* [WORK REQUIRED]:
Using the entries that follow, transcribe only the lines from the line with "[BDC698] Margarita Pequeña" to the line with "Audi A4 bild 18", both included, exactly as they stand and without pictures.

PROVIDED ENTRIES START

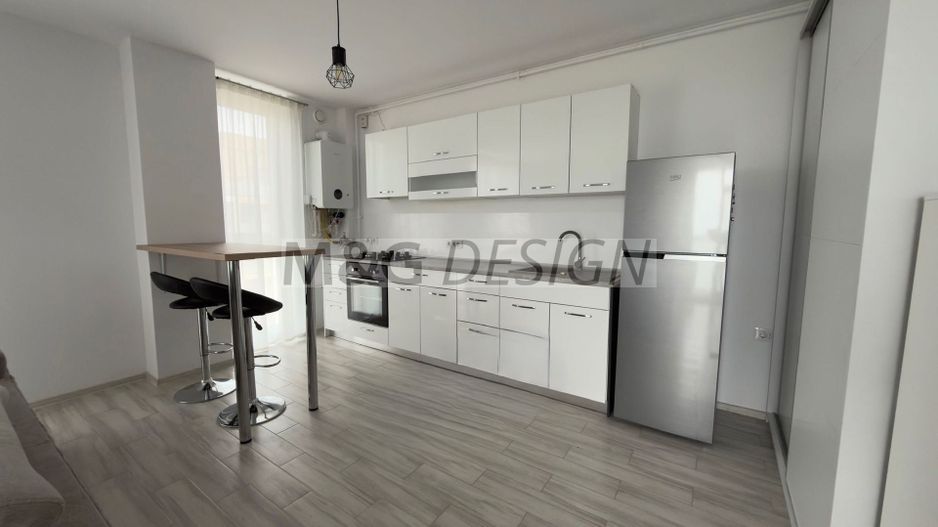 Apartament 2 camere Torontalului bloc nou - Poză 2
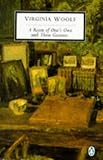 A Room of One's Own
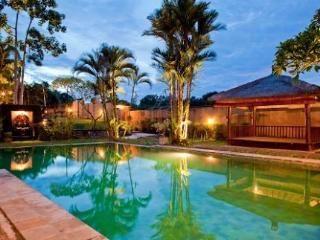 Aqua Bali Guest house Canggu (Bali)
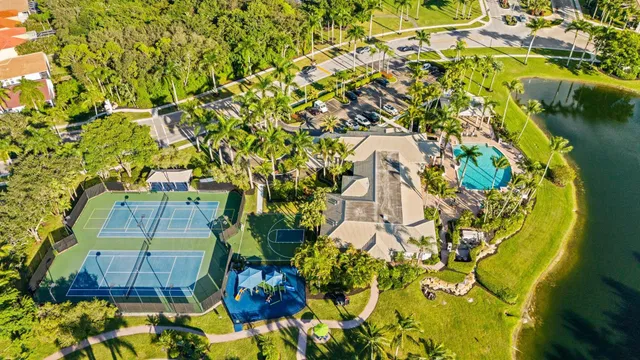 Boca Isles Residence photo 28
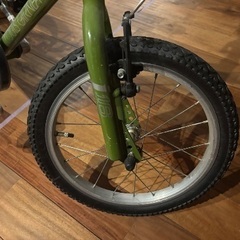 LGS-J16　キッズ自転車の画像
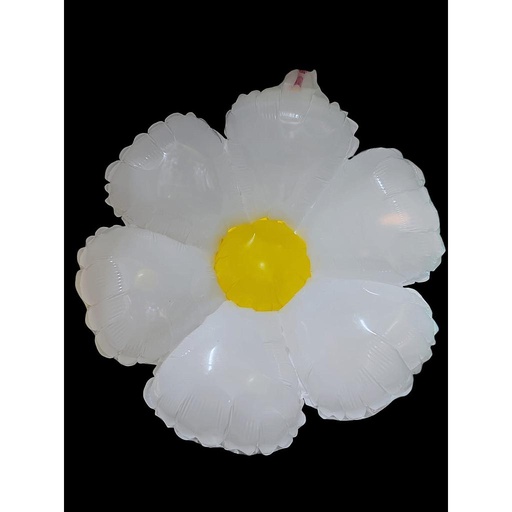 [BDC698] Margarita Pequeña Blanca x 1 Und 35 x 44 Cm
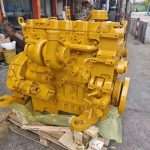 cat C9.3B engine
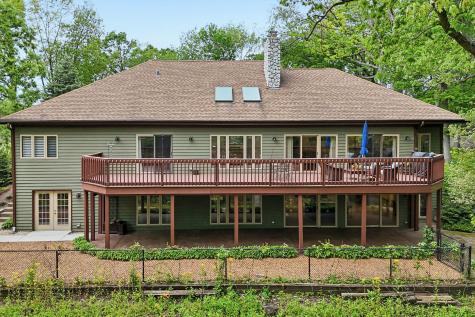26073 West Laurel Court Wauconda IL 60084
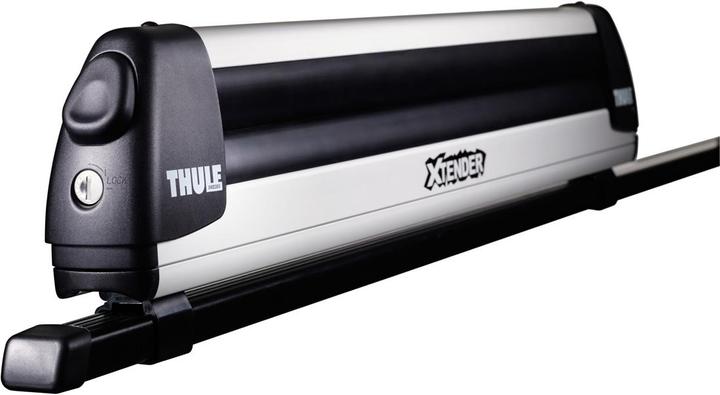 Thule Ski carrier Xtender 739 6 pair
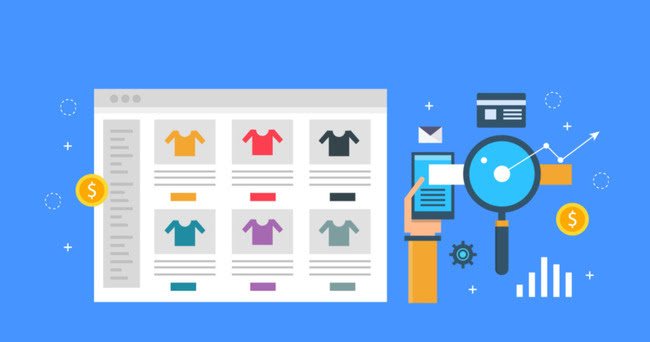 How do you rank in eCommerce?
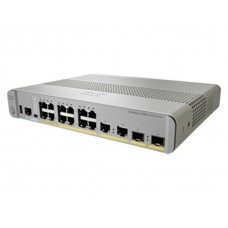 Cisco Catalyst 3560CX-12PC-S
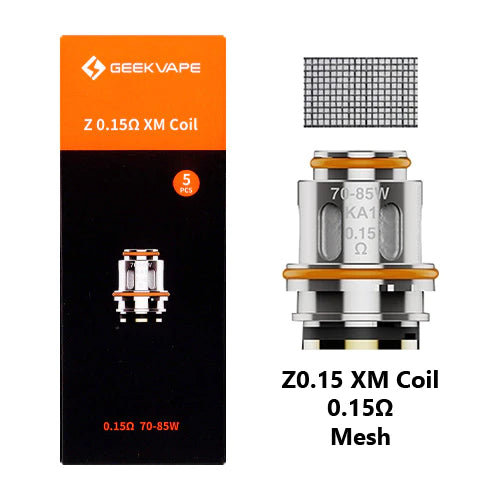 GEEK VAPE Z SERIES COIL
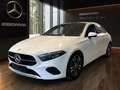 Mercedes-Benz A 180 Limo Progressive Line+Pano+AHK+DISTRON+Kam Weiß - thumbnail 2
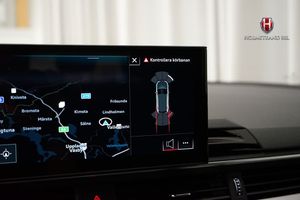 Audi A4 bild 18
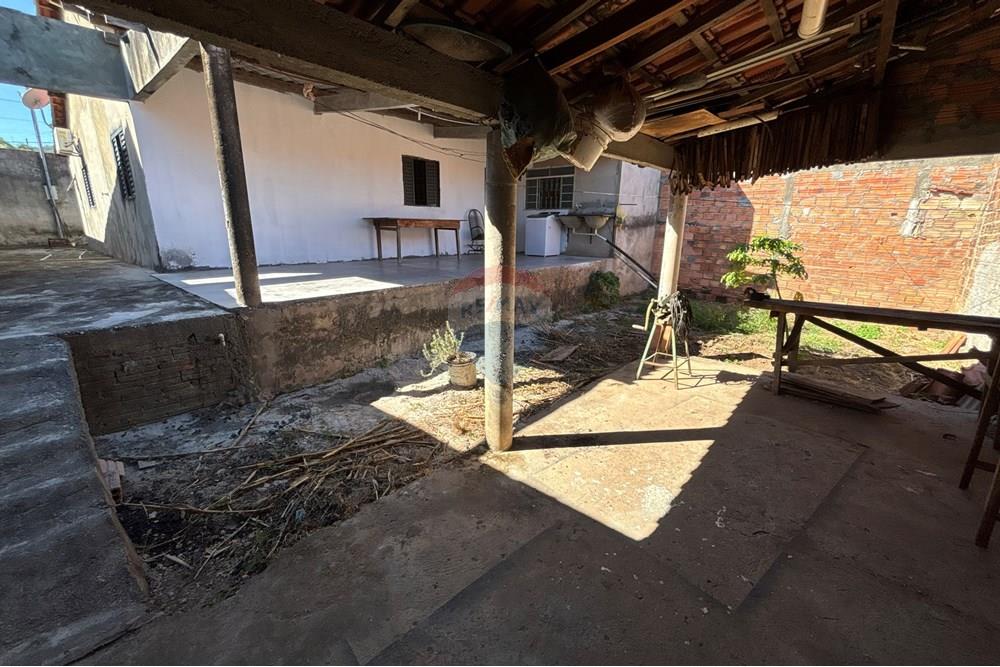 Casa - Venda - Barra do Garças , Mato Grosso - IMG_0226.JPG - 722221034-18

PROVIDED ENTRIES END
PROVIDED ENTRIES START

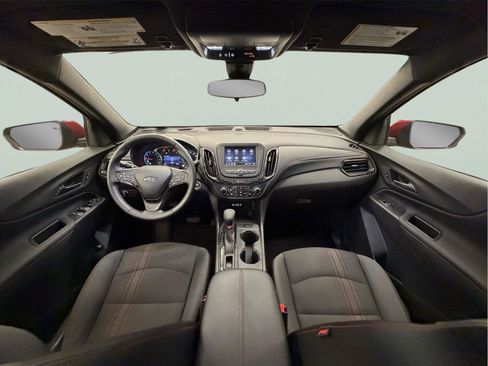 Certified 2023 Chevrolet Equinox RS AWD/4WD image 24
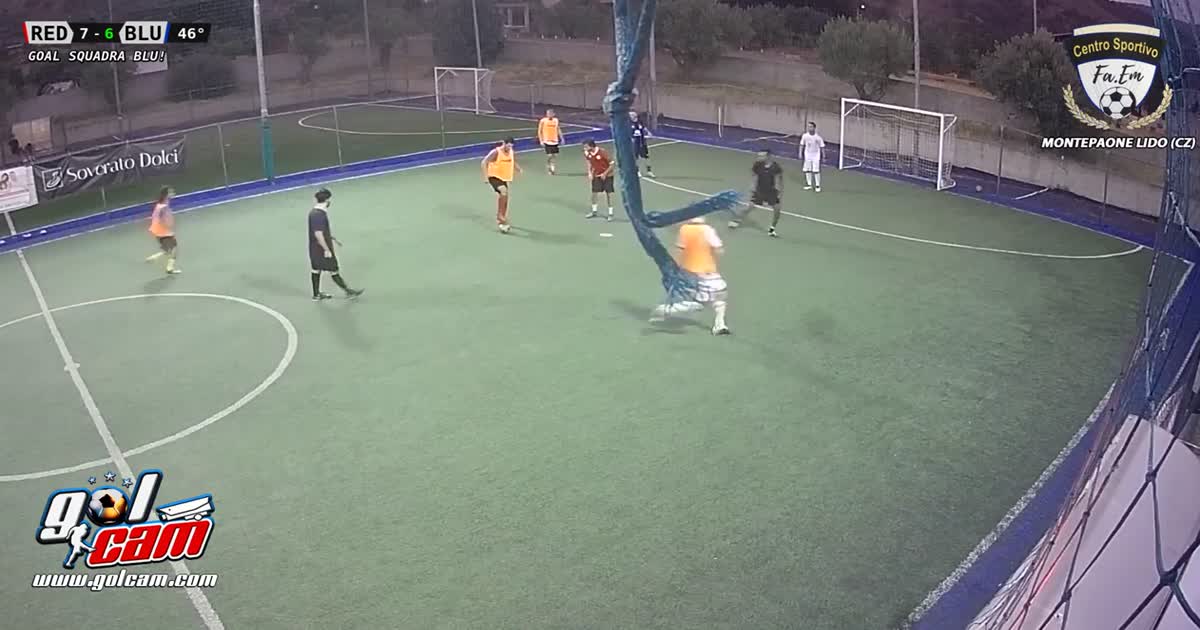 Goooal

PROVIDED ENTRIES END
PROVIDED ENTRIES START

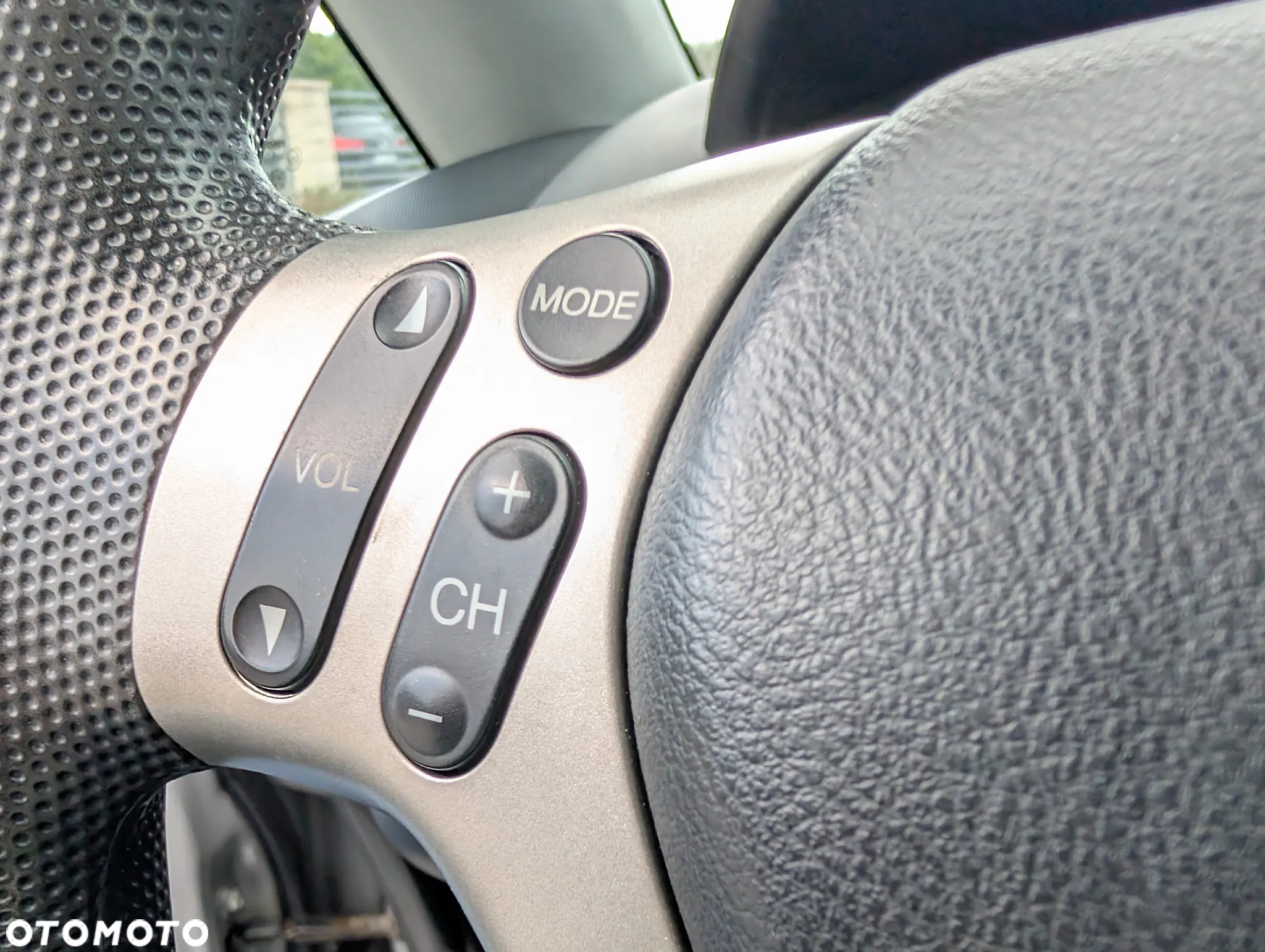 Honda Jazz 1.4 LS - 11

PROVIDED ENTRIES END

* [RESPONSE]:
 [BDC698] Margarita Pequeña Blanca x 1 Und 35 x 44 Cm
 cat C9.3B engine
26073 West Laurel Court Wauconda IL 60084
 Thule Ski carrier Xtender 739 6 pair
 How do you rank in eCommerce?
 Cisco Catalyst 3560CX-12PC-S
 GEEK VAPE Z SERIES COIL
 Mercedes-Benz A 180 Limo Progressive Line+Pano+AHK+DISTRON+Kam Weiß - thumbnail 2
 Audi A4 bild 18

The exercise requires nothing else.